Shallow-water blackouts are relatively common at BUD/S, as trainees struggle through underwater evolutions such as the 50-meter underwater swim, underwater knot tying, and pool competency. While instructors and students alike would often chuckle at a trainee once he was pulled from the pool and revived from his blackout, such instances in the pool are no laughing matter.

This fact was sadly and tragically evidenced last week, as two active-duty SEALs in Little Creek, Virginia—SO1 Seth Cody Lewis and SO1 Brett Allen Marihugh—drowned in the Combat Swimmer Training Facility at the Joint Expeditionary Base, Little Creek, while doing some sort of unspecified breath-hold training. As pointed out in an article here at SOFREP, the two were part of the Advanced Training Command (ATC), and were found at the bottom of the pool at 3 p.m. on Friday, April 24th.

As further pointed out in an article in the Norfolk, Virginia-based Virginian Pilot online, a spokesman for Naval Special Warfare Group 2 (NSWG-2) stated that the deaths were being investigated to determine how the accidental drownings occurred.

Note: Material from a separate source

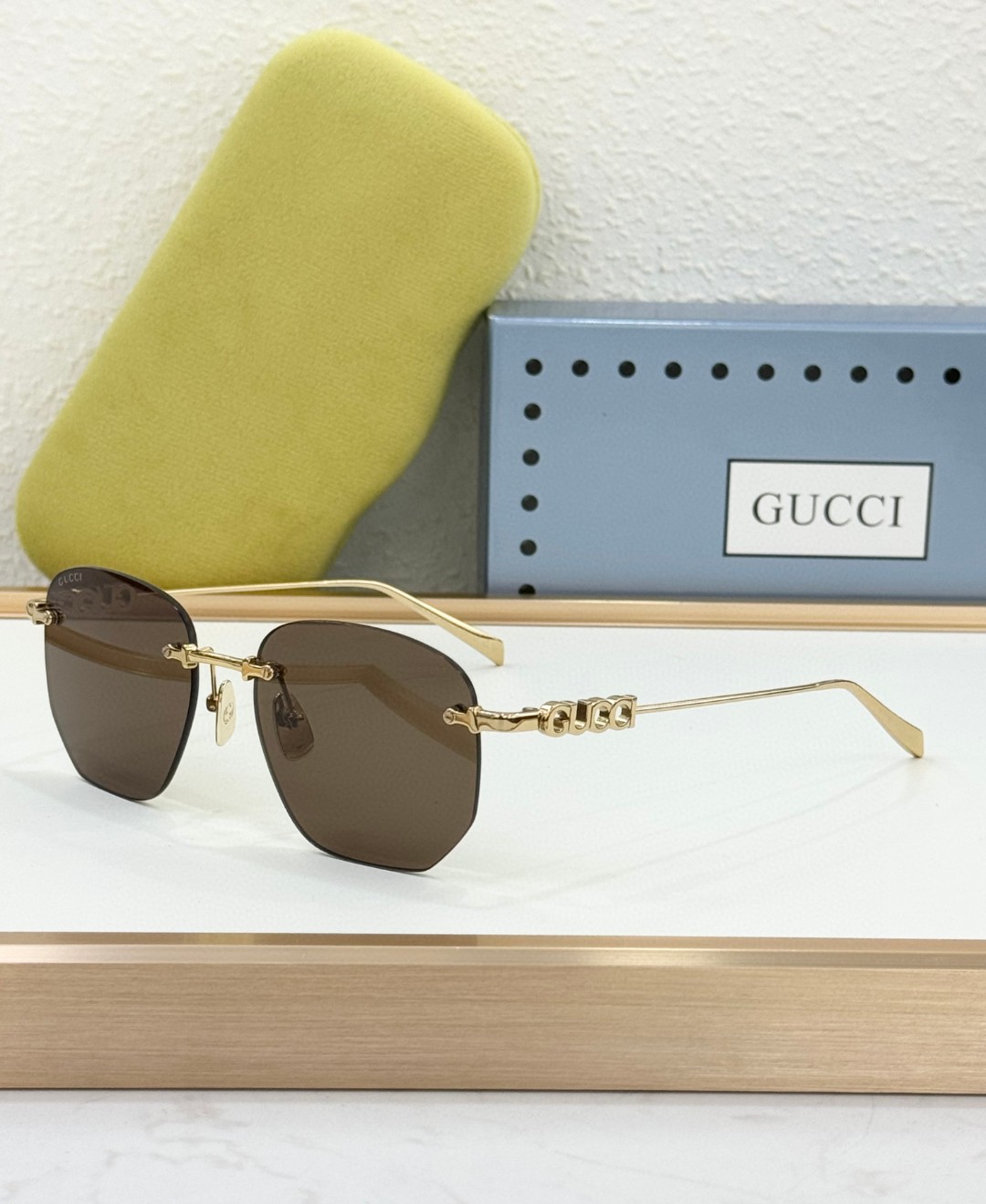 G*u*i sunglasses(aaaa)-3086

This heartbreaking scenario is illustrative of the dangers that often accompany pushing oneself and one’s teammates to the absolute physical limits of endurance and performance. SEALs, and other Special Operations Forces (SOF), routinely train in dangerous and extreme conditions. Whether as a result of high altitude, low opening night parachute jumps, complicated nighttime shooting and maneuvering drills in thick woods, or nighttime surf passage operations with motorized inflatable zodiac boats through rough surf zones, SEALs have perished in a number of different training accidents over the decades.

Most members of SOF units accept this risk—to a degree—and often, in fact, thrive on it. They love the adrenaline, and they take pride, and have confidence in, the fact that they and their teammates can keep each other alive. This works very well in combat situations because it is honed in training. SEALs and other SOF members rely on each other to watch one another’s backs. We have to. There are times when there’s no one else out there with us to watch out for us.

That is what makes this most recent double training fatality so tragic. It was not a case of a failing parachute, or a freak blow to the head by a capsizing zodiac’s motor. This was a situation that should have been prevented by someone closely observing those SEALs as they trained underwater.

Where was the instructor pulling them out, giving them O2, and telling them not to go to the light? Why wasn’t another SEAL swimming on the surface, observing them as they held their breath?